StimulatingBroadband.com 12/02/2010 San Francisco - The release late Tuesday by FCC Chairman Julius Genachowski of proposed network neutrality regulations marks a new round in one of the most controversial and critically important debates in American tech and telecom policy since the passage of the 1996 Telecom Act.
Send a copy of the Chairman's net neutrality proposal to: email@example.com
As every reader here knows, the reaction to the Chairman's suggested framework approach has been pointed and swift from industry, political, and policy arenas alike. Public interest advocates have called the proposal a sellout to the large carriers. Newly energized Republicans on Capitol Hill have called Genachowski's move outright illegal. The largest cable trade association, the NCTA, applauded the effort. The Chairman's two colleagues from across the aisle, Commissioners Meredith Atwell Baker and Robert M. McDowell, have been nearly as pointed in their criticism as House Republicans.

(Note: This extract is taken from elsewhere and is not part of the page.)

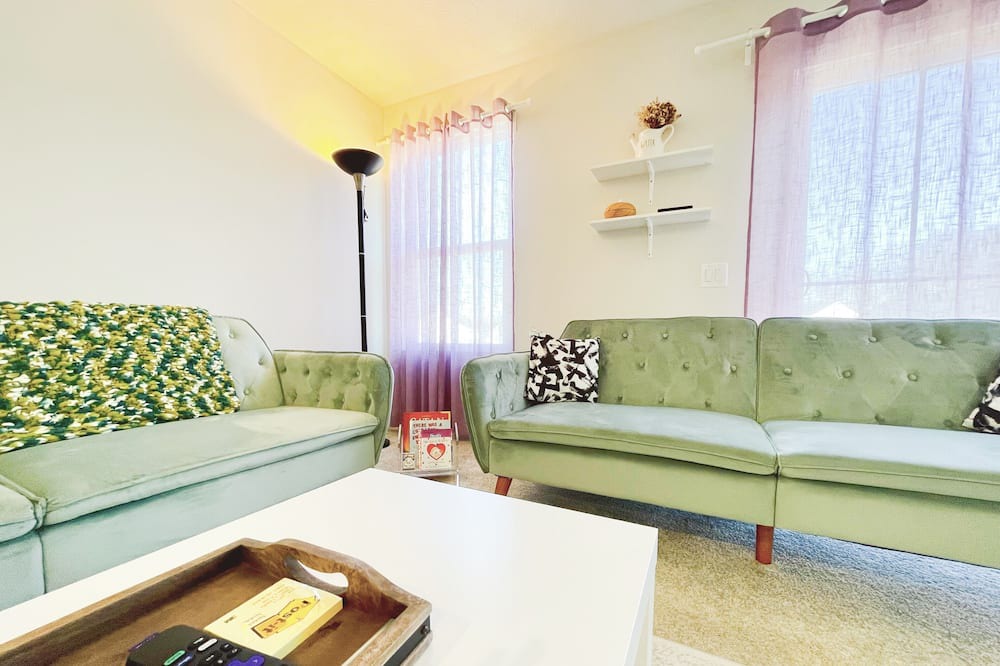 Photo of Livingroom in Amelia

There is only one important procedural problem in all of this: The document at the center of this critical policy debate, a proposal that has the potential of impacting our economy to the tune of billions of dollars, is not available to the public.
Its secret. Not classified, Wikileaks material secret. You and I can't see it, nonetheless.
The fact you and I can't see it is wrong. Its wrong under our framework of open democratic government. Its wrong under the Administration of President Obama who pledged a new dedication to the goals of openness and transparency. Its wrong under any simple reading of the federal Freedom of Information Act (FOIA). Its wrong that an arcane procedure of the FCC will keep the document out of public view until voted on by the full Commission, a vote now scheduled for December 21 in this case.
I've spoken and corresponded at some length with Commission staff over the past day in attempts to get a copy of the document for publication. Staff has been incredibly helpful in walking though Commission rules. They have correctly said release of the document would be a violation of those rules. These folks are exemplars of the federal workforce. We are well served by them. They are following the rules, and telling us what Commission policy is. That is their job.
So, here's our pitch to FCC Commissioners, staff, interns, file clerks, and the people that clean the offices; to staff on the Hill; and to attorney - lobbyists with access to pieces of drafts (which is also the way the system works): Send to the email account listed above the Chairman's network neutrality proposed regulations, in any version, form, or finish you have access to. We will publish whatever we receive immediately. The public interest will be served. No one need listen to tiresome iterations about FCC procedures that any Administration truly committed to reform would have tossed out months ago.
You'll feel better when you do it. The document belongs to the American people. The American public has a right to see it, to read it, and to debate it. Those might not be the rules of the agency you work for. They are the rules of the people that founded our nation. They are the rules given to us by a lot of brave men and women buried in American cemeteries all over the world.
Oh, lastly, if anyone wants to know: I personally think Chairman Genachowski is the best thing that's happened to the FCC in a long time. I just have a bad habit of actually believing this stuff about free speech and open government. I have a worse habit of actually holding people that I work to get elected -- people like the guy who appointed the Chairman -- accountable for what they say.
Update: We have issued a Freedom of Information Act (FOIA) request for the document to FCC on December 3. Given that FOIA allows the agency up to 20 business days to respond via either release of the document or citation of 1 or more legal exemptions invoked to continue withholding of the material, that response can take longer than the 3 weeks between now and the Commission meeting of December 21.